> **Task input**:
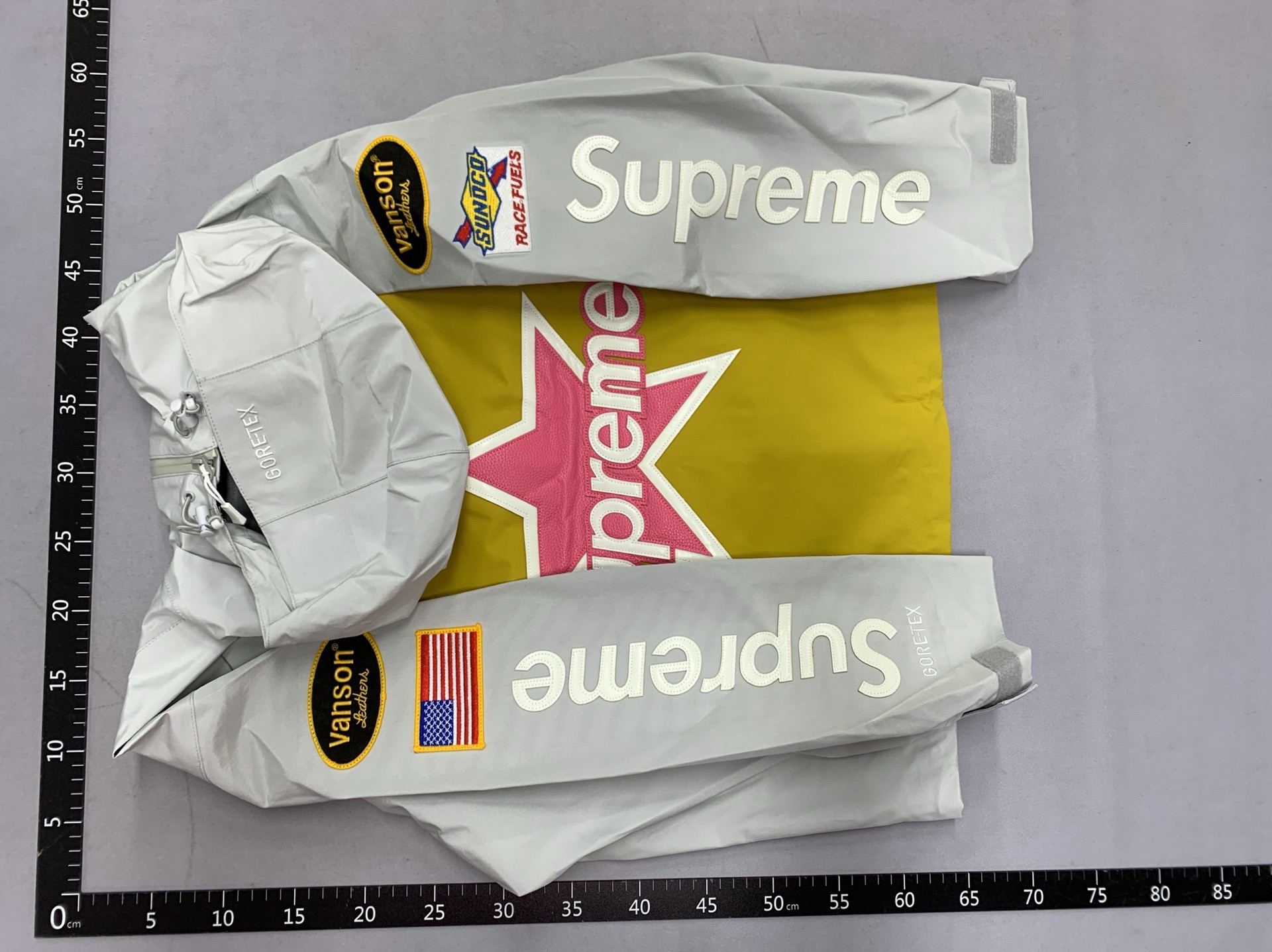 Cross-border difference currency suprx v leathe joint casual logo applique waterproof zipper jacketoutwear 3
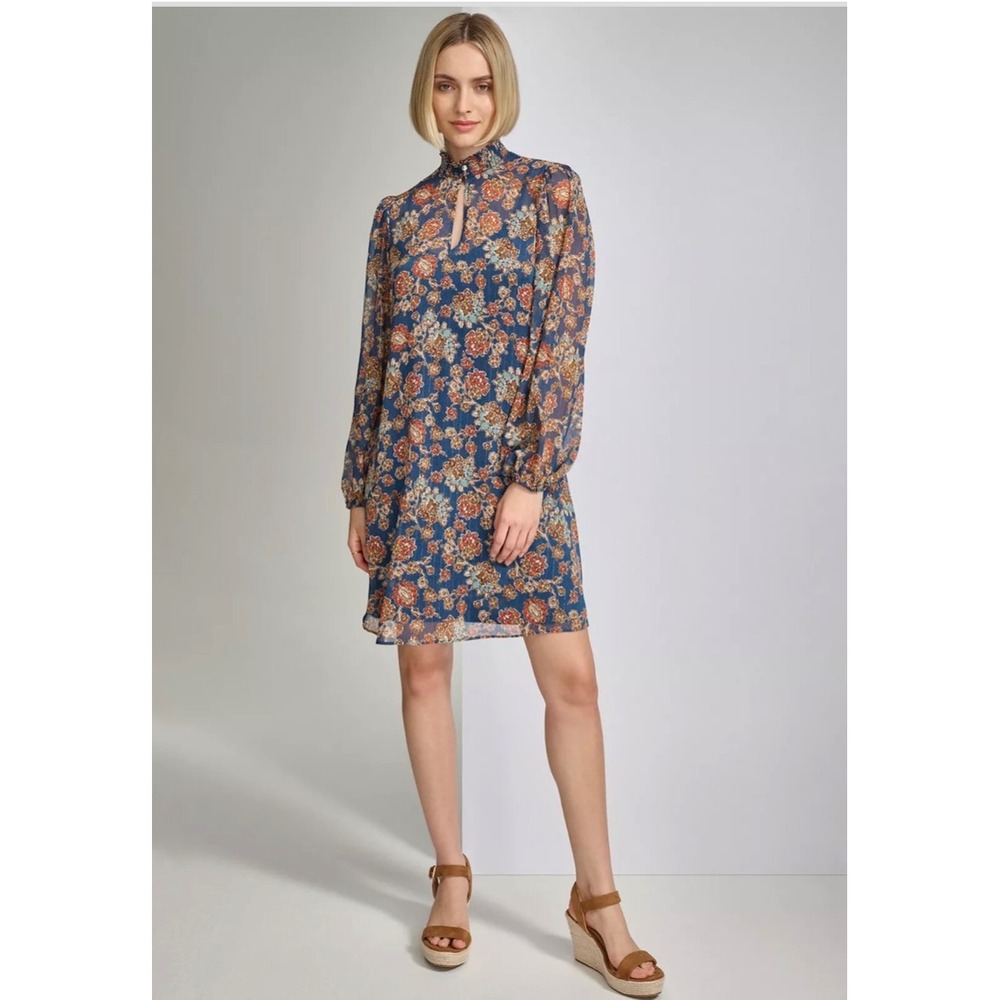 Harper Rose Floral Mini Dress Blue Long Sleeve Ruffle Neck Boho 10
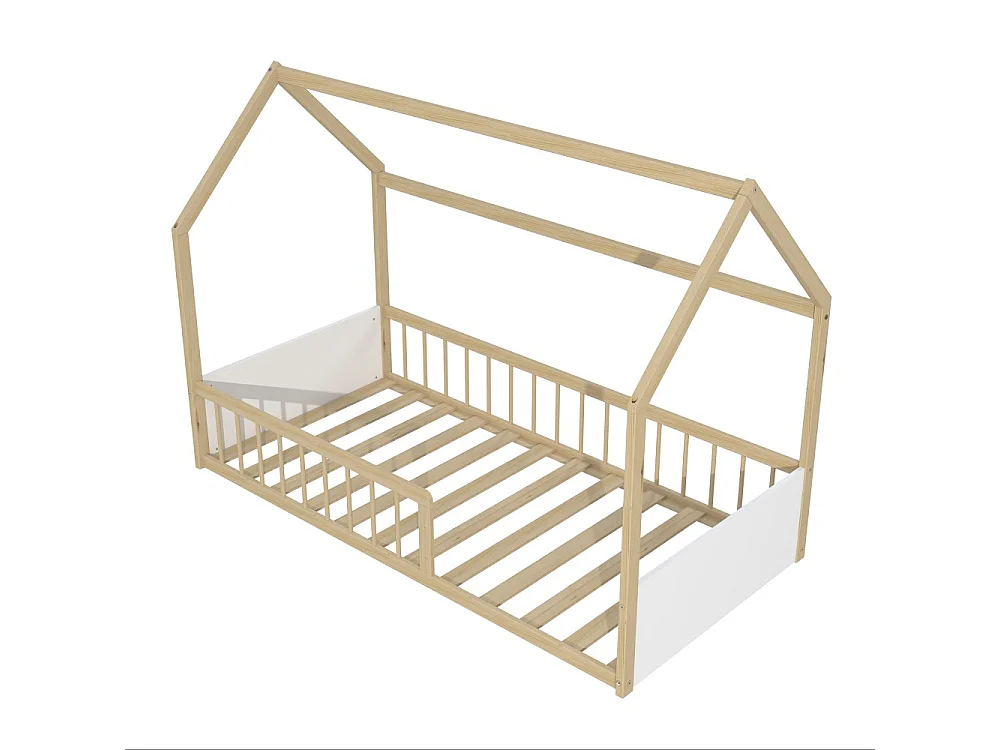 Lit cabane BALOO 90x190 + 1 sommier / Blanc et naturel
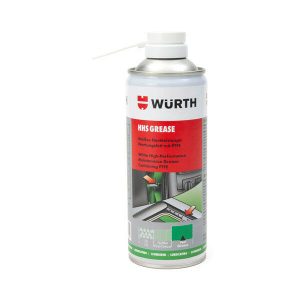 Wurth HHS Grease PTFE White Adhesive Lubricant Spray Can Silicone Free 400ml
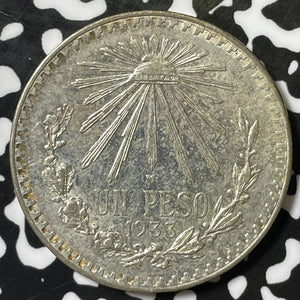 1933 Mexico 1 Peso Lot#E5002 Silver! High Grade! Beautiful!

> **Problem details**:
Starting from the line containing "Harper Rose Floral", repeat each line exactly through the end of the entries, including the last, while leaving pictures out.

> **Answer to this problem**:
 Harper Rose Floral Mini Dress Blue Long Sleeve Ruffle Neck Boho 10
 Lit cabane BALOO 90x190 + 1 sommier / Blanc et naturel
 Wurth HHS Grease PTFE White Adhesive Lubricant Spray Can Silicone Free 400ml
 1933 Mexico 1 Peso Lot#E5002 Silver! High Grade! Beautiful!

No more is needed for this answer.